Sunday, April 1, 2012

Cake Day(?)


I wasn’t going to post this information today but subject 926 insisted there had to be a post today so I figured I might as well. Apparently we are celebrating something he refers to as… cake day.

I was pretty sure he was messing with me at first, it being April fool’s day and all, but he has been very adamant about it. I had to go over his file to find the significance of this day for him. Today is apparently the day that marks the anniversary of his first kill. His file even has a little speech clipped to this detail in which his trainer informs him this is the start to his new life.

Subject 926 took this very literally from what I have been able to gather from him. Apparently he doesn’t celebrate a birthday. He instead celebrates this cake day.

“It marks the date I found my own fire and became a proxy!”

He is so committed to this he insists his age is 8.
When I asked him why he calls it cake day he informed me it was because it’s the one day out of the year he gets to eat cake…
His claim of eight year old has started to look rather appropriate.
--------------------------------------------------------------------
Enough about ‘Cake Day’ though, I believe I promised some information about myself. The request cleared so here goes nothing.

My career as a proxy has always been in some manner of management position. Looking back on it I’m pretty sure I was fast tracked every step of the way. Within weeks of being flipped I found myself leading a squad. After devastating events left the squad mostly dead and in shambles, I was promoted to mentor. I did that for a while, until they finally saw fit to move me up to handler. And then I was as a handler  for a solid ten years.

It was a good run. I was well respected and well looked after. I had friends, what amounted in my eyes to a family, and even a house. Never expected just how quickly those I held closest would abandon me.
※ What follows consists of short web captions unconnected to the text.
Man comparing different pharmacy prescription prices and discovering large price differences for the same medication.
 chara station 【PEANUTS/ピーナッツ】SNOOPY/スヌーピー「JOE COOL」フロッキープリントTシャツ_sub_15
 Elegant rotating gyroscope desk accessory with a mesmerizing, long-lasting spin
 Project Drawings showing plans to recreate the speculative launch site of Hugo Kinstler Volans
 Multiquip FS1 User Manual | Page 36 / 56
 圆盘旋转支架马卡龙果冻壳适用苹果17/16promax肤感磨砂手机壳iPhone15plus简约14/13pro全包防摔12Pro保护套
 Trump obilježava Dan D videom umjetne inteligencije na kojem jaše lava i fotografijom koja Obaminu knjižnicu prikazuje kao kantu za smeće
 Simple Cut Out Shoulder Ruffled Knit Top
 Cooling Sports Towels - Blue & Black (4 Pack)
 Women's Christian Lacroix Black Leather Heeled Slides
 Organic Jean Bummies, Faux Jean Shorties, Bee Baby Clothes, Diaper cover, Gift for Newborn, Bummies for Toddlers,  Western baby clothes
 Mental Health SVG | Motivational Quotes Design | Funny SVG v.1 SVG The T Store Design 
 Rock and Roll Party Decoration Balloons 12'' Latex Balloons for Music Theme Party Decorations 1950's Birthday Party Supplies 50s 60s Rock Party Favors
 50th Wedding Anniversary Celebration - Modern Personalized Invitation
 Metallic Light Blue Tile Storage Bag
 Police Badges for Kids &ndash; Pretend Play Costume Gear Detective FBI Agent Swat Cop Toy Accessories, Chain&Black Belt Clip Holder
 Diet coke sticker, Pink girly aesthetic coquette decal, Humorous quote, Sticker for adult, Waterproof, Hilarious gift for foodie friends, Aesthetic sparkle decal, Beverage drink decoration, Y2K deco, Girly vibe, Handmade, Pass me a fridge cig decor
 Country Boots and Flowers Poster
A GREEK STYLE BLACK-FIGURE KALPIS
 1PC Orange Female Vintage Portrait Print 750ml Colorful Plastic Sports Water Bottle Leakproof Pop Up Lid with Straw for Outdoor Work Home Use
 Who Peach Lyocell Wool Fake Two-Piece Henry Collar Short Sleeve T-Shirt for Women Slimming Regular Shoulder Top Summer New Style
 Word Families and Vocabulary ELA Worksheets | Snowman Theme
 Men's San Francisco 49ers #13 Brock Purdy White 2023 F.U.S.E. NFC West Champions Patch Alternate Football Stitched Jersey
Things first started visibly crumbling about a month back when I sentenced subject 926 to death prematurely. I had never had my authority questioned by my superiors like that before and they were very harsh. For speaking out of line and failing to consort with my superiors before trying to proceed, I was suspended of my duties indefinitely. Just like that. But I was assured it was a formality and that I would be back to work soon.

But that’s when the ‘Casey’ scandal came to light. Casey was another handler and a close peer for me. We spent a lot of time over my ten years as a handler talking over e-mail passively discussing everything: Love, life, family, work, you name it. But shortly after my suspension it was discovered that Casey was dead. She had been for a long time. But the emails had never stopped.

And that last email ‘she’ sent after that was discovered…
Sorry I died neighbor. See you around.

Suddenly I was under a proper investigation. It was determined that information discussed with ‘Casey’ was the direct cause of numerous proxy deaths. Everything I owned was taken. I was fortunate that their investigation determined me not to be a traitor but that did me a fat lot of good. All of my so called friends and ‘family’ abandoned me. Most of which refused to look me in the eye. It was decided that my suspension was never to be lifted. I was never going to be a handler again…

I begged. I pleaded. I needed to work. I needed to rebuild my life but I was being completely shut down. Someone finally offered me job evaluating and monitoring an asset.

Much to my great dismay, that landed me here.

Hmm… I have to go now. Subject 926 is calling. Apparently he gets to slug me eight times as a part of cake day tradition. I’m pretty sure he’s just making shit up now.